How to tell if retention is working


Working on configuring a loki instance. Internal policy on log files is that we store no more than 14 days worth of logs. I have configured this in loki using the instructions from the following page:

First I tried the method using the compactor, then the option using the table manager. Both seemed to work in that I can’t query data older than 14 days, but I am looking to verify that the data past retention is truly deleted as far as loki is concerned. The only reason I have doubt is that our s3 bucket for this shows 774G of space used, but the rough size of the logs is closer to 400G (I’m estimating since we compress most of the logs daily). Does it make sense that the loki index/metadata seems to be roughly the same size as the uncompressed data? Is there a way to examine the actual data loki is storing outside of a logql query?

If you can’t query the logs after 14 days then at the very least the index is gone. There is a chance the chunks are still there if your compactor crashes without persistent volume and the marker file is lost, but unless it’s a frequent occurrence it shouldn’t pile up quickly.

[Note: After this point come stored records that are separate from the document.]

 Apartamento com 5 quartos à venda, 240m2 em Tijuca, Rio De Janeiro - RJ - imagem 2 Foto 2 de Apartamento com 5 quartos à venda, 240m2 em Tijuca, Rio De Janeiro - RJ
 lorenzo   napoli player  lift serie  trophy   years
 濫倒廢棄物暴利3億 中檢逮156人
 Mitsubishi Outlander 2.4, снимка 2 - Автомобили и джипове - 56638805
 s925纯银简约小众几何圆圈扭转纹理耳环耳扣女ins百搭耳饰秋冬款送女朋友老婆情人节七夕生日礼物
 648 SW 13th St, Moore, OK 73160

I’d analyze your S3 bucket a bit and find out where the storage discrepancy is. Check the size of the chunk directory, check the size of the index directory, etc. You can also list all files under the chunk directory and get the age of them. Also check and see if your S3 bucket has versioning, and if you have policy to discard incomplete uploads.

Thanks Tony, that makes sense. To be clear I’m not sure there is a discrepancy, I just wasn’t sure if 2:1 was an unusual ratio between loki and text log files. Pretty sure we have relatively low cardinality, we have been very conservative with our use of labels. I assume that too many labels could contribute to index size on disk.

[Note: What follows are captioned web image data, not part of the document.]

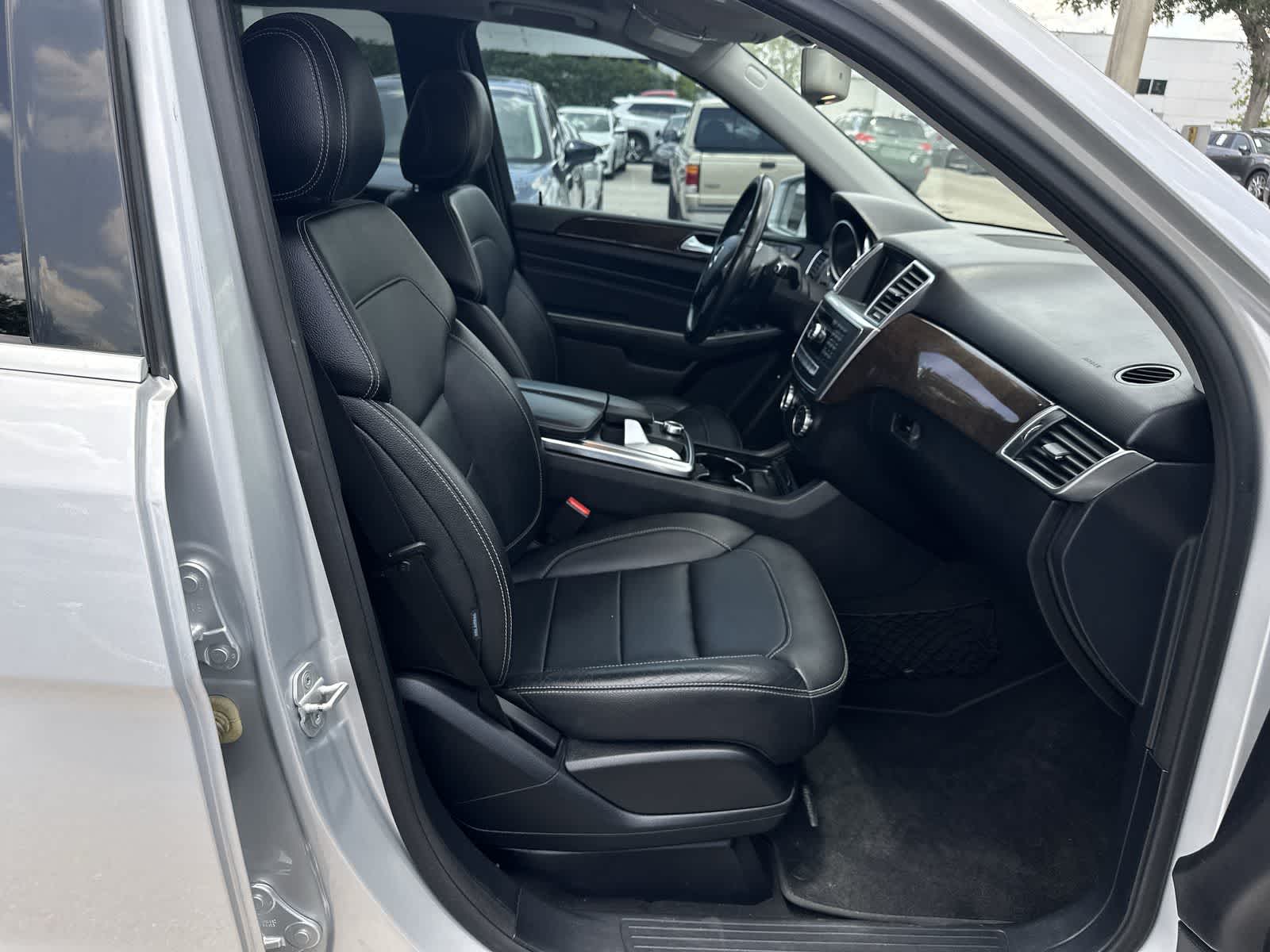 Thumbnail: 2014 Mercedes-Benz M-Class - 14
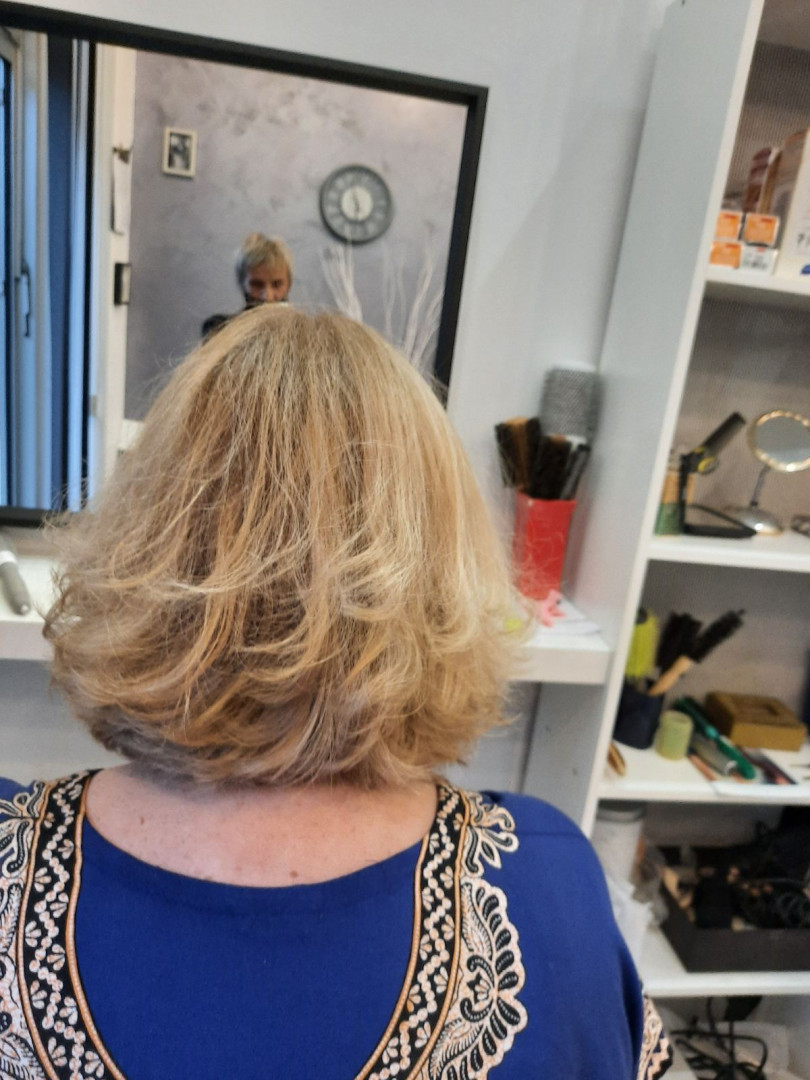 Salon Klinik #beograd Žensko šišanje Žensko šišanje - kosa srednje dužine
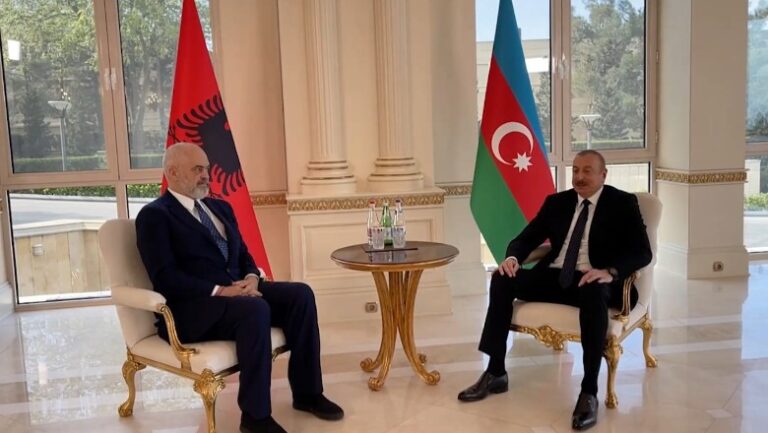 ”Jemi xhelozë për Malin e Zi”, Rama i bën kërkesën e veçantë Presidentit Ilham Aliyev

What I meant by discrepancy is that, in your original post, you mentioned that your total S3 bucket size is 774G, while chunk directory is only 400G. That’s more than 300G that’s unaccounted for. Index should be very small, for example our chunk storage is about 1.7TB and index is only 900MB.

This is in general a good practice indeed.

Actually now I’m not sure, per the docs:

Retention through the Table Manager is achieved by relying on the object store TTL feature, and will work for both boltdb-shipper store and chunk/index store. However retention through the Compactor is supported only with the boltdb-shipper store.
Retention | Grafana Loki documentation

So given that, would the following schema_config/storage_config even rely on the loki retention to expire the logs, or am I not reading the docs correctly:

- from: 2020-07-01
store: boltdb-shipper
object_store: aws
schema: v11
prefix: index_
period: 24h

- from: 2023-04-05
  store: tsdb
  object_store: aws
  schema: v12
    prefix: tsdb_index_
    period: 24h

active_index_directory: /var/lib/loki/boltdb-shipper-active
cache_location: /var/lib/loki/boltdb-shipper-cache
cache_ttl: 120h
shared_store: s3

active_index_directory: /var/lib/loki/tsdb-index
cache_location: /var/lib/loki/tsdb-cache
query_ready_num_days: 14
shared_store: s3

endpoint: REMOVED
access_key_id: REMOVED
secret_access_key: REMOVED
s3forcepathstyle: true